Most AI document workflows still feel like they were designed around chat, not around documents.
You upload a PDF. You ask a question. You upload another file. You ask again. If the answer looks useful, you still have to go back to the original source, verify the passage, copy context into another document, and repeat the same process tomorrow.
That loop is fine for a single file. It breaks down when the work lives in folders: PDFs, Word files, spreadsheets, Markdown notes, reference material, exports, drafts, and half-finished research.
I built Document.Bot around a different assumption: the folder is the workspace.
Document.Bot is a local-first AI workspace for document-heavy work. You connect a folder of PDFs, Word files, spreadsheets, Markdown, and notes; the app indexes it locally; then you can search, inspect original sources, ask AI across the workspace, and draft reviewable, source-backed outputs without repeatedly uploading files into chat.
The architecture follows from that product promise. Document.Bot is a desktop app for macOS and Windows, built with Electron, React, LangChain, LangGraph, and LanceDB.
This is a builder note on why those choices fit the product, where the boundaries are, and what I learned building an AI app that treats retrieval and source inspection as core product features instead of invisible plumbing.
Why I Started With Desktop
A lot of AI products start in the browser. For many categories, that is the right call. Distribution is simpler, updates are immediate, and collaboration is easier to centralize.
Document.Bot was different.
The documents people care about are already on their machines. They are in synced folders, messy project directories, exports from other tools, email attachments, old client folders, and local archives. Asking users to repeatedly upload those files into a web app creates friction and raises trust questions immediately.
Desktop gives the app a more natural relationship with the user's files.
It can work with local folders directly. It can watch and index files in place. It can open original documents and preserve the user's existing folder structure. It can keep local document processing local unless the user chooses a model or provider that requires remote calls.
That matters for document-heavy work because the user often does not just want "an answer." They want to know where the answer came from. They want to inspect the source. They want to compare a generated draft with the original file. They want the workspace to feel grounded in their own material, not like a temporary upload box.
Electron was the practical choice because I wanted a real desktop product for both macOS and Windows while still moving quickly with a modern web UI stack.
Electron as the Local Application Shell
In Document.Bot, Electron is not just a wrapper around a web page. It is the boundary between the product UI and the local machine.
The main process owns local services: app lifecycle, filesystem access, indexing orchestration, database access, IPC, packaging concerns, and OS integration. The renderer owns the product experience: the workspace, search UI, document panes, chat, settings, and review flows.

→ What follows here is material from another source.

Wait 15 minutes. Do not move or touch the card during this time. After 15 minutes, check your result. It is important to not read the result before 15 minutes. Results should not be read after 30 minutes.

That separation is important.
The renderer should not become a privileged grab bag of local capabilities. It should behave like a React application with a clear interface to the system layer. The main process can expose narrowly scoped operations through a preload bridge and IPC: select a folder, read indexed metadata, run a search, open a document, start or monitor an indexing job, and so on.

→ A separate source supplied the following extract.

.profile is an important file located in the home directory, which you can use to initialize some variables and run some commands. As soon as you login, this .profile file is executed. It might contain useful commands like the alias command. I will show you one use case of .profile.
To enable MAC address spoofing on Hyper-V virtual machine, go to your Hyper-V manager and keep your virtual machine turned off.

The pattern looks roughly like this:
- Electron main process: local services, filesystem, app lifecycle, IPC, packaging
- Preload layer: constrained bridge between privileged code and UI
- React renderer: workspace UI, source inspection, chat and review flows
- Local indexing layer: document metadata, chunks, embeddings, retrieval state
- AI orchestration layer: model calls, tools, agent state, workflow control
For build tooling, the app uses electron-vite for the main, preload, and renderer bundles, and electron-builder for desktop packaging. The packaging path matters because Document.Bot depends on native and platform-sensitive pieces: local databases, PDF tooling, OCR/indexing helpers, and model/indexing runtimes need to behave predictably after the app is packaged, not only in development.
That architecture keeps the UI productive without pretending the app is just a website. It also makes the security posture easier to reason about. The document agent does not need arbitrary shell power to be useful. In fact, giving agents broad local authority by default is one of the fastest ways to turn a useful assistant into an uncomfortable product.
Document.Bot's job is to help users work with their documents, not to let an AI roam the machine.
React for the Product Surface
React is the obvious part of the stack, but it still shapes the product.
Document.Bot has a lot of stateful UI: connected folders, indexing status, search results, file and source tags, document viewers, chat threads, review panels, model settings, and account-related surfaces. React works well for that kind of application because the UI is a composition of many small, state-driven surfaces.
The key design choice is that the interface cannot be "just chat."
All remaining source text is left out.